From endomorphisms of rank 1 of the full transformation semigroup $[n]^{[n]}$ or idempotents in $[n]^{[n]}$, we have $$c_n:=\sum_{m=1}^n\binom{n}mm^{n-m}.$$ Denote the $2$-adic valuation of $x$ by $\nu_2(x)$.
QUESTION. Is it true that $\nu_2(c_n)=\nu_2(n-1)$, for $n\geq2$?
Yes, this is true. The idea is to get $n-1$ out of the sum as a multiple.
We have $$c_n=1+\sum_{m=1}^{n-1}m{n\choose m}m^{n-1-m}=1+\sum_{m=1}^{n-1}n{n-1\choose m-1}m^{n-1-m}$$ We see that if $n$ is even, then $c_n$ is odd.

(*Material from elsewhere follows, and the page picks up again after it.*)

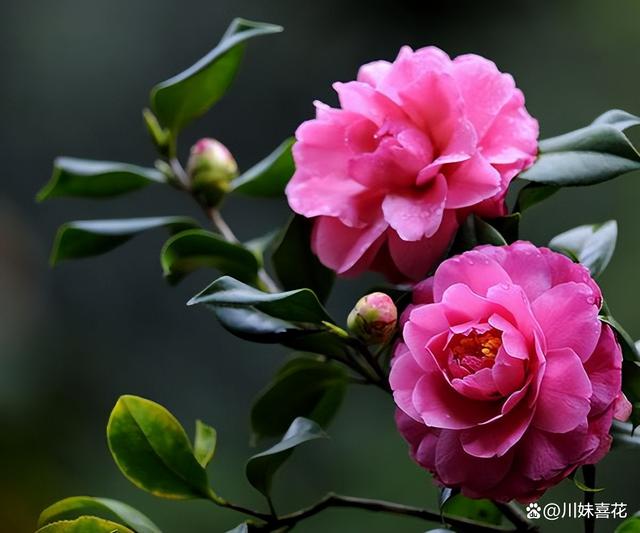 秋天茶花长花苞后，3件事千万不要做，不然黄叶花苞全掉光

Now let $n>1$ be odd. Then proceed this way:$$c_n=1+n\sum_{m=1}^{n-1}{n-1\choose m-1}+n\sum_{m=2}^{n-2}{n-1\choose m-1}(m^{n-1-m}-1)\\=1+n(2^{n-1}-1)+n(n-1)\sum_{m=2}^{n-2}{n-2\choose m-2}\cdot \frac{m^{n-1-m}-1}{m-1}\\=:1+n(2^{n-1}-1)+n(n-1)A.$$ Modulo 2 we have $$\frac{m^{n-1-m}-1}{m-1}=1+m+\ldots+m^{n-m-2}\equiv 1+m(n-m-2)\equiv 1,$$ so $$ A\equiv \sum_{m=2}^{n-2} {n-2\choose m-2}=2^{n-2}-1-(n-2)\equiv 0\pmod 2. $$ Then $c_n=(1-n)+(n2^{n-1})+n(n-1)A$, and $1-n$ has 2-adic valuation strictly smaller than two other summands, thus $\nu_2(c_n)=\nu_2(1-n)$.